[Captioned web images]
■ ■ ■ ■ ■ ■ ■

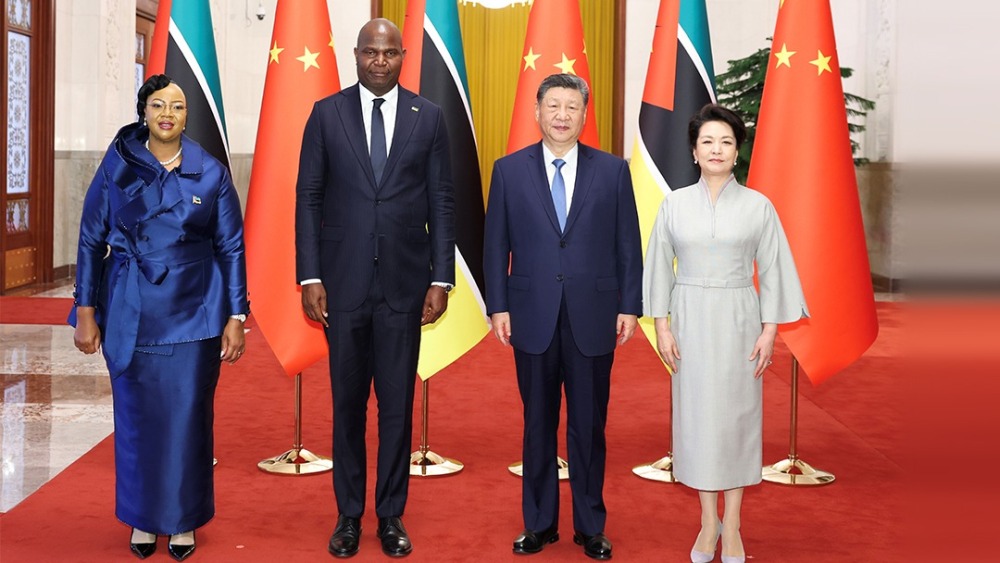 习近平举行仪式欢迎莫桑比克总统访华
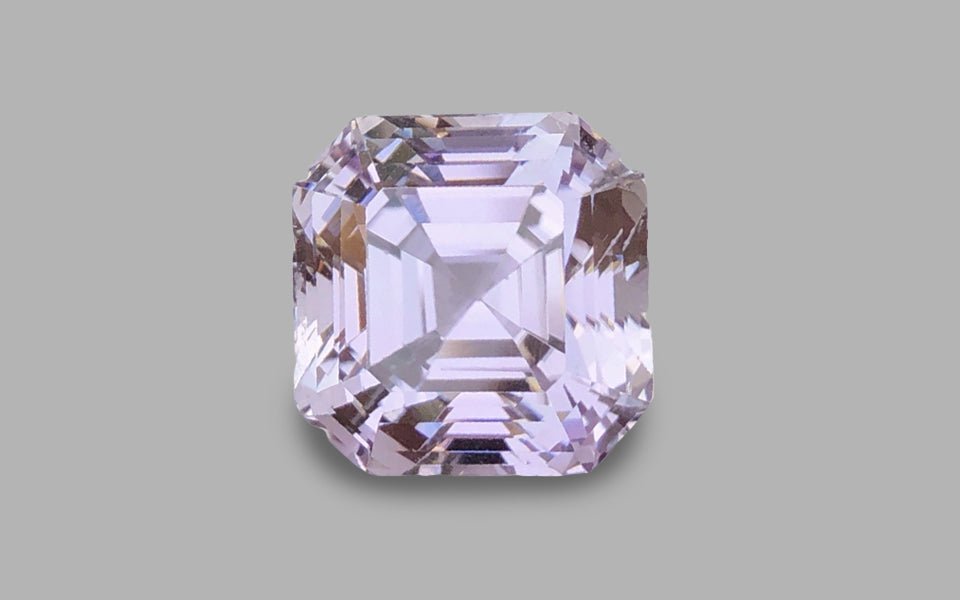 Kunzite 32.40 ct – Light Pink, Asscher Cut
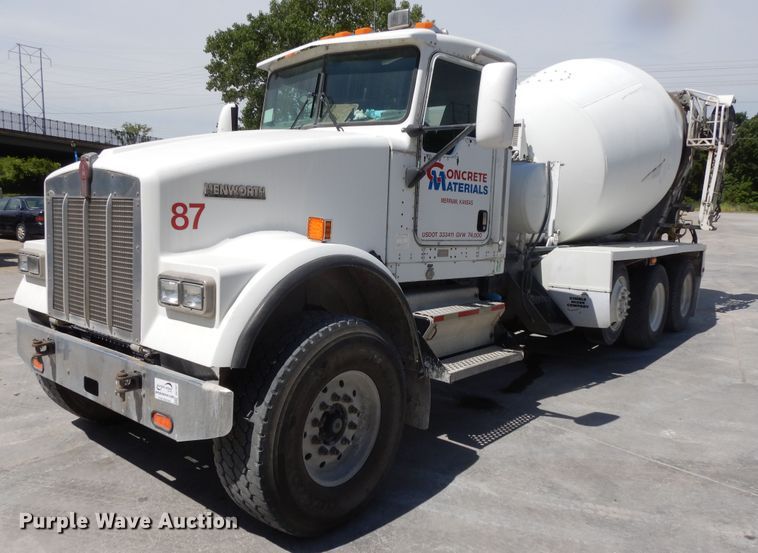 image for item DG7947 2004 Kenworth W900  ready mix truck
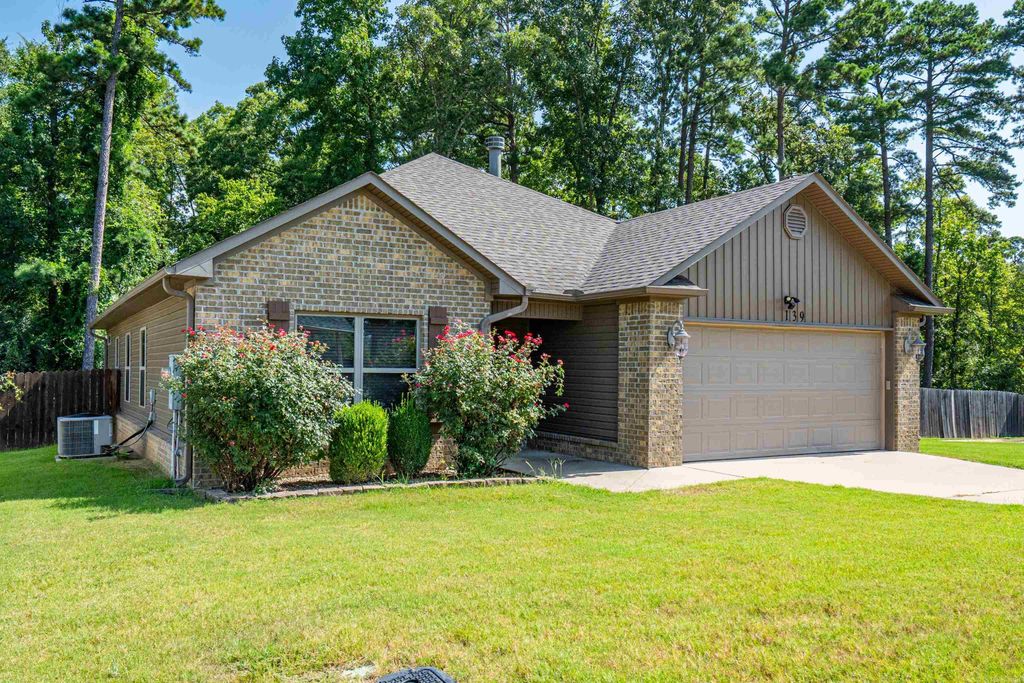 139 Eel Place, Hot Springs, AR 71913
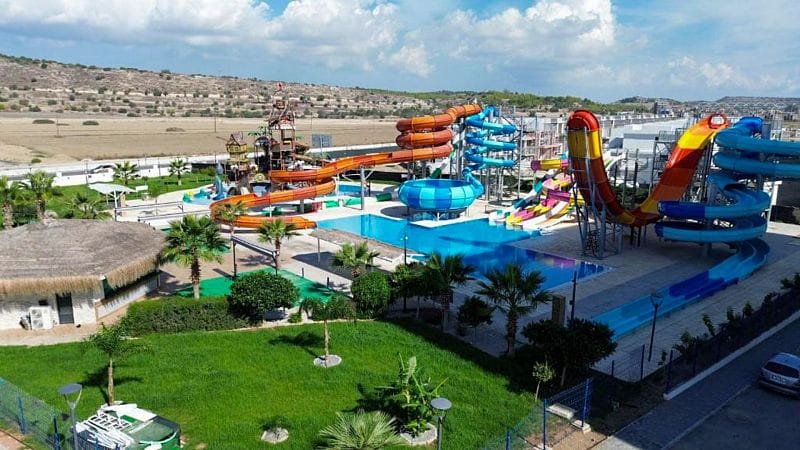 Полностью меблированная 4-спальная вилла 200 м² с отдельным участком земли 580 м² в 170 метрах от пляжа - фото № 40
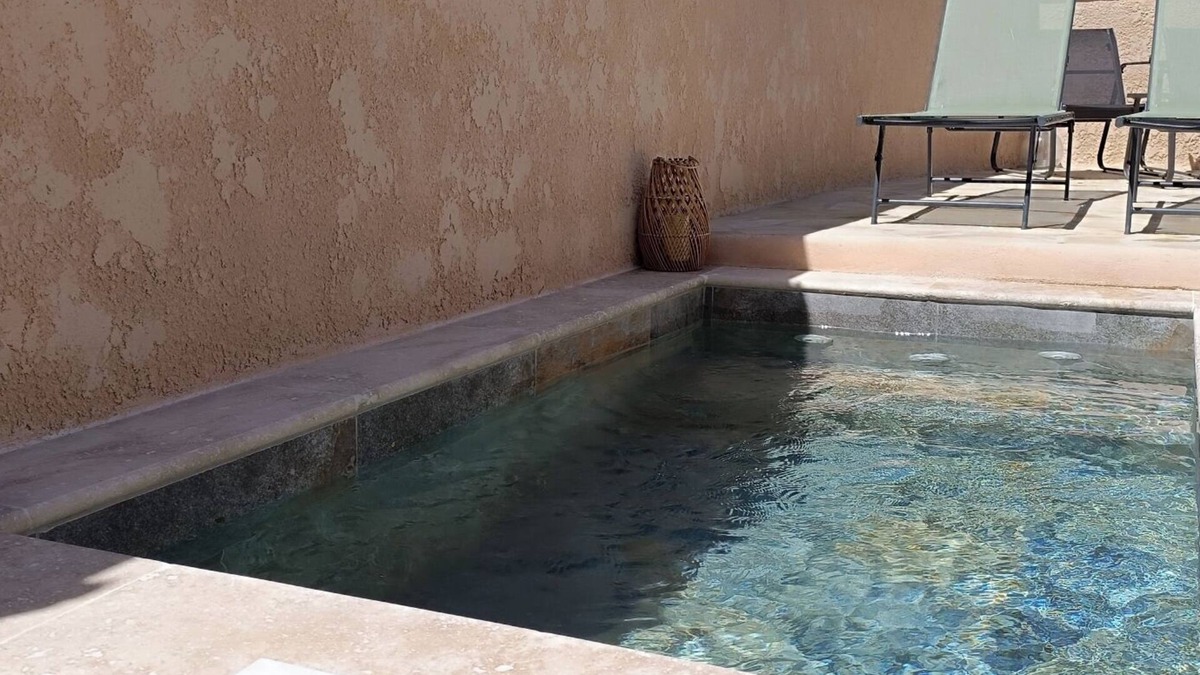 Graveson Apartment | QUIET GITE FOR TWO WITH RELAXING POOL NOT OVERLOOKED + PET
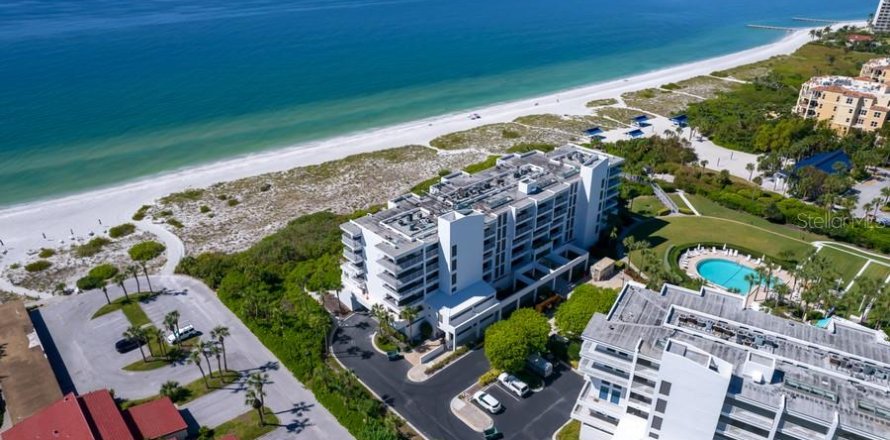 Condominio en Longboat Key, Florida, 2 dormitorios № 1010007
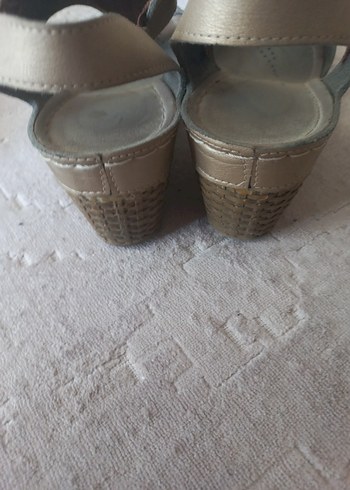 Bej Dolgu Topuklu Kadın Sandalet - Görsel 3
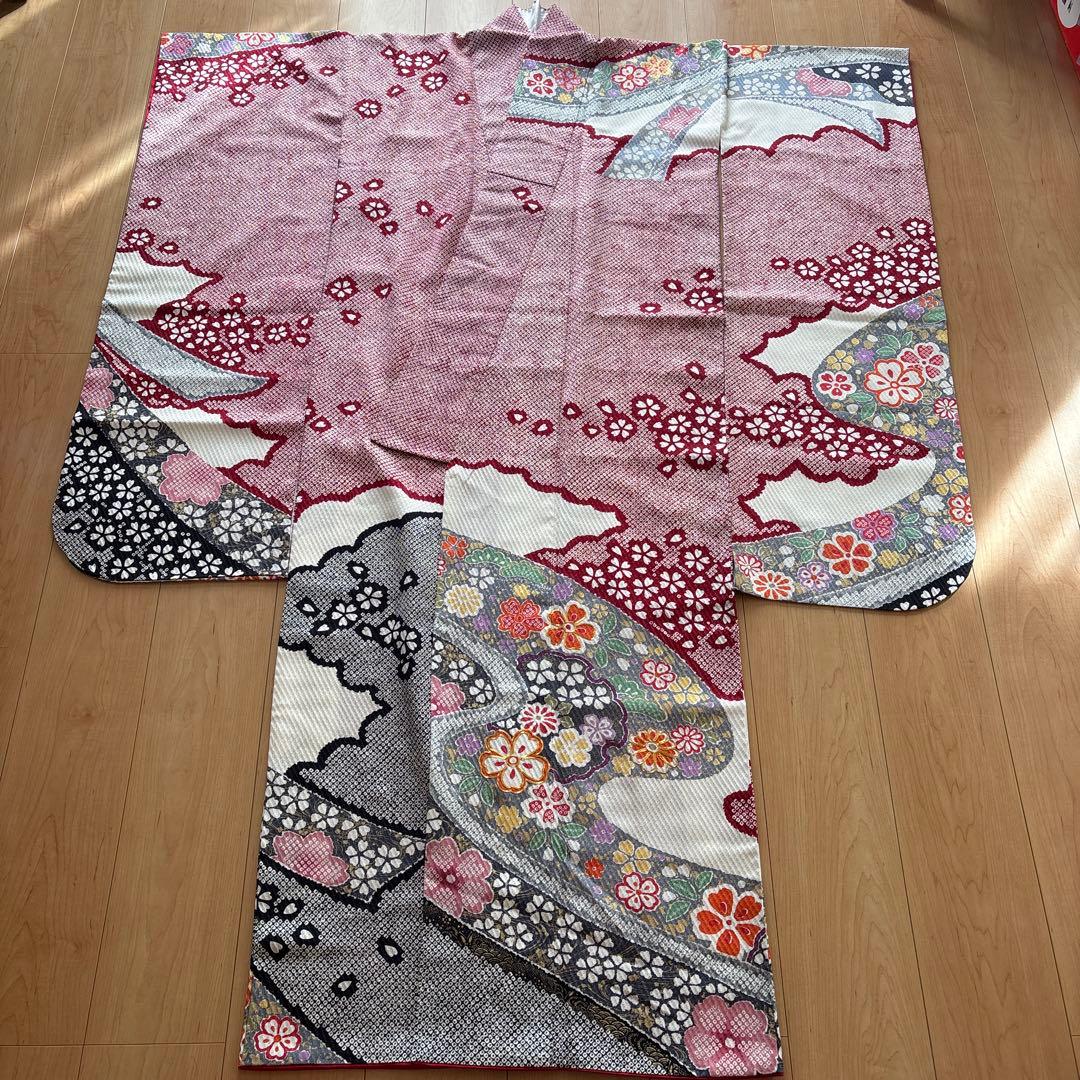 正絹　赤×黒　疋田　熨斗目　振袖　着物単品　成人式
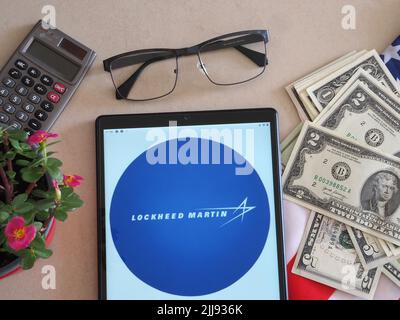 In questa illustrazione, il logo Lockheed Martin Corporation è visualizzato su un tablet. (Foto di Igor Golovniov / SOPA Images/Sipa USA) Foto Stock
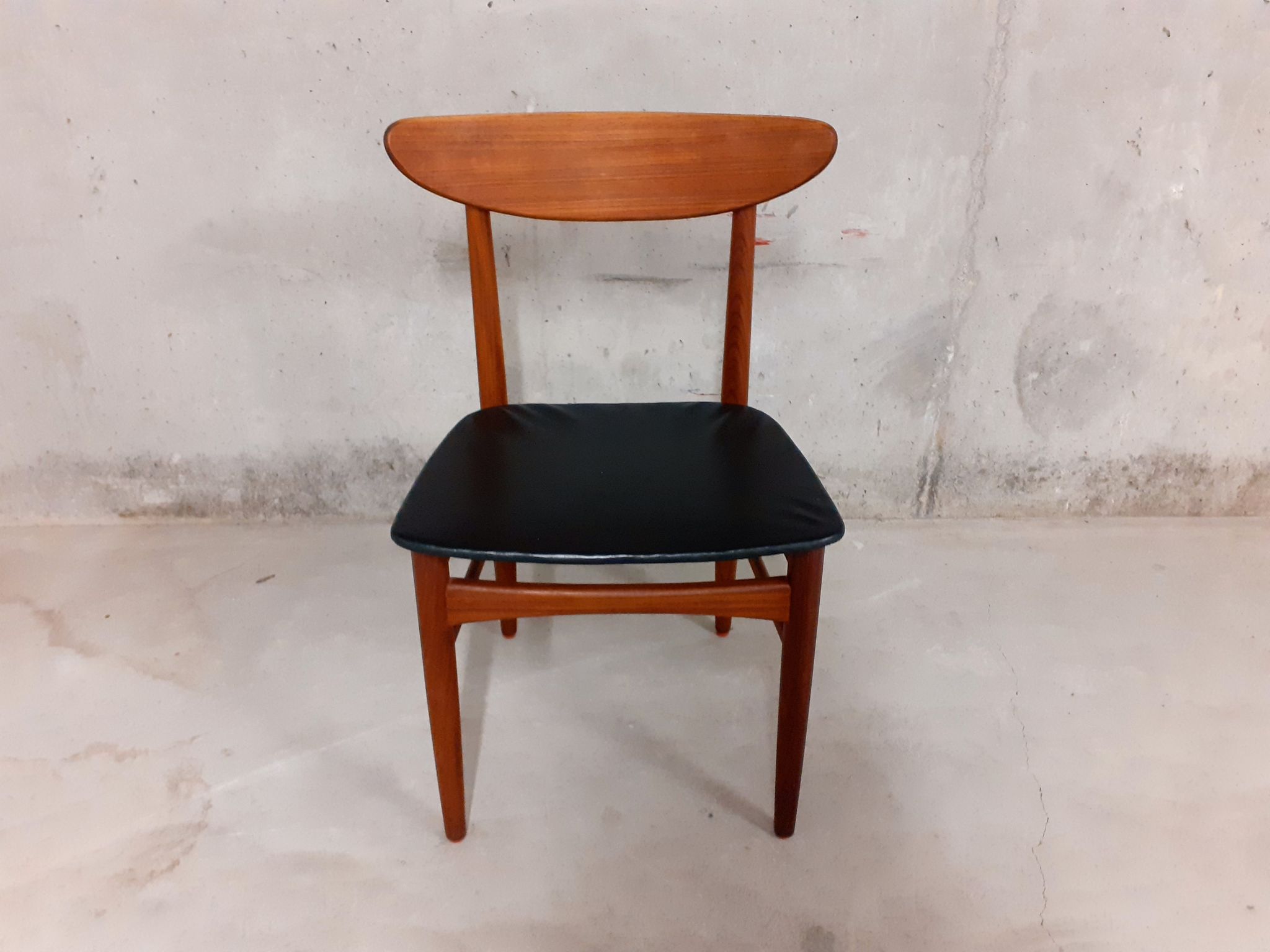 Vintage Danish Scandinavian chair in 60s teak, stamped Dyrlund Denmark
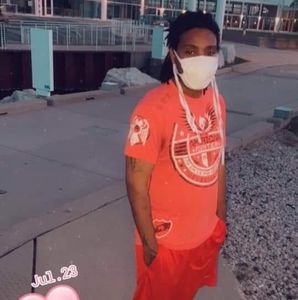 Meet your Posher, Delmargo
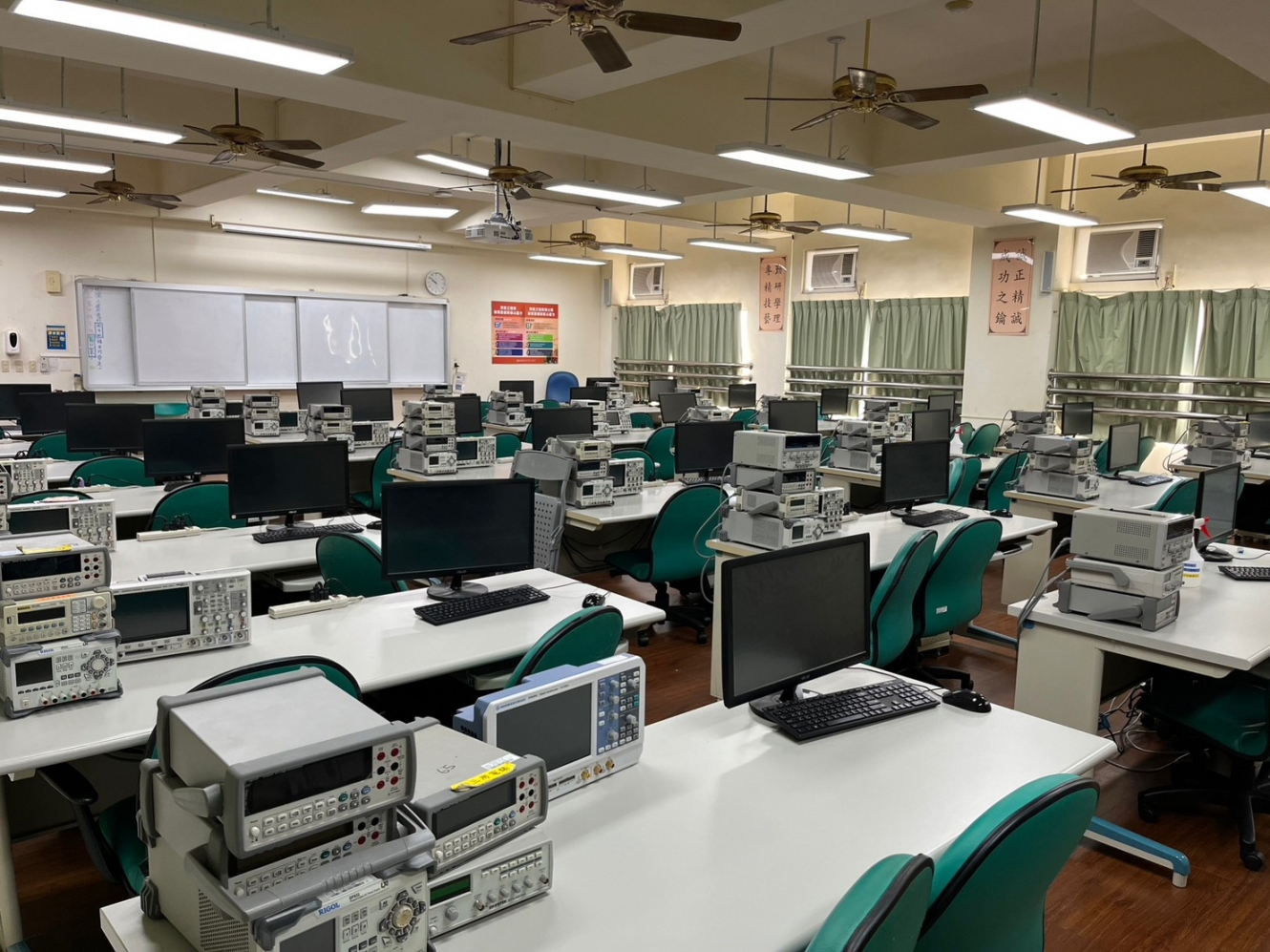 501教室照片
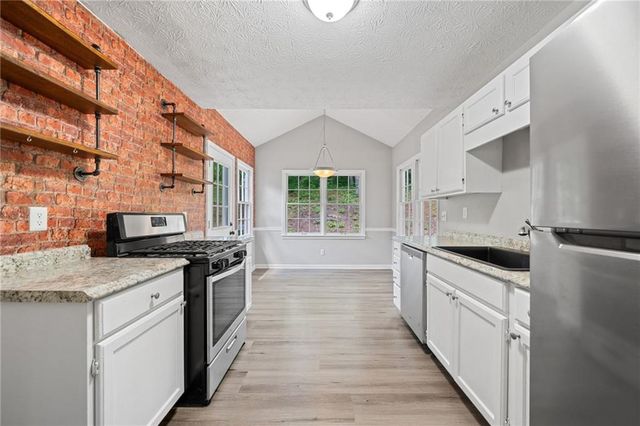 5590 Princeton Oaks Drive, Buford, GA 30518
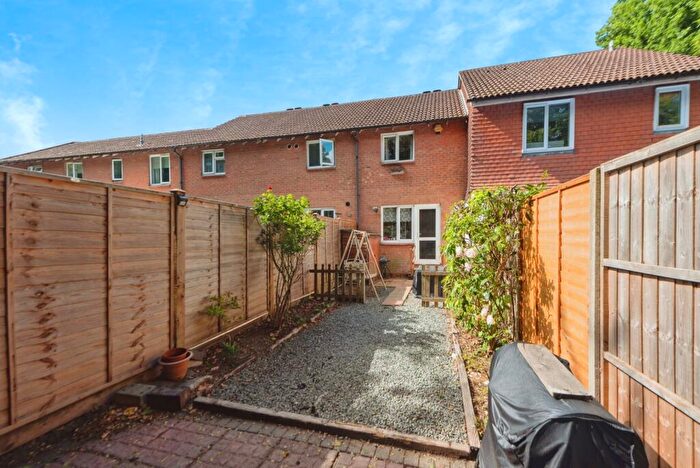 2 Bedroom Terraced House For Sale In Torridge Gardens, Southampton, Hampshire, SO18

■ ■ ■ ■ ■ ■ ■

*Task*
Print out each record exactly as shown, but keep the pictures out.

*Solution for this exercise*
 习近平举行仪式欢迎莫桑比克总统访华
 Kunzite 32.40 ct – Light Pink, Asscher Cut
 image for item DG7947 2004 Kenworth W900  ready mix truck
 139 Eel Place, Hot Springs, AR 71913
 Полностью меблированная 4-спальная вилла 200 м² с отдельным участком земли 580 м² в 170 метрах от пляжа - фото № 40
 Graveson Apartment | QUIET GITE FOR TWO WITH RELAXING POOL NOT OVERLOOKED + PET
 Condominio en Longboat Key, Florida, 2 dormitorios № 1010007
 Bej Dolgu Topuklu Kadın Sandalet - Görsel 3
 正絹　赤×黒　疋田　熨斗目　振袖　着物単品　成人式
 In questa illustrazione, il logo Lockheed Martin Corporation è visualizzato su un tablet. (Foto di Igor Golovniov / SOPA Images/Sipa USA) Foto Stock
 Vintage Danish Scandinavian chair in 60s teak, stamped Dyrlund Denmark
 Meet your Posher, Delmargo
 501教室照片
 5590 Princeton Oaks Drive, Buford, GA 30518
 2 Bedroom Terraced House For Sale In Torridge Gardens, Southampton, Hampshire, SO18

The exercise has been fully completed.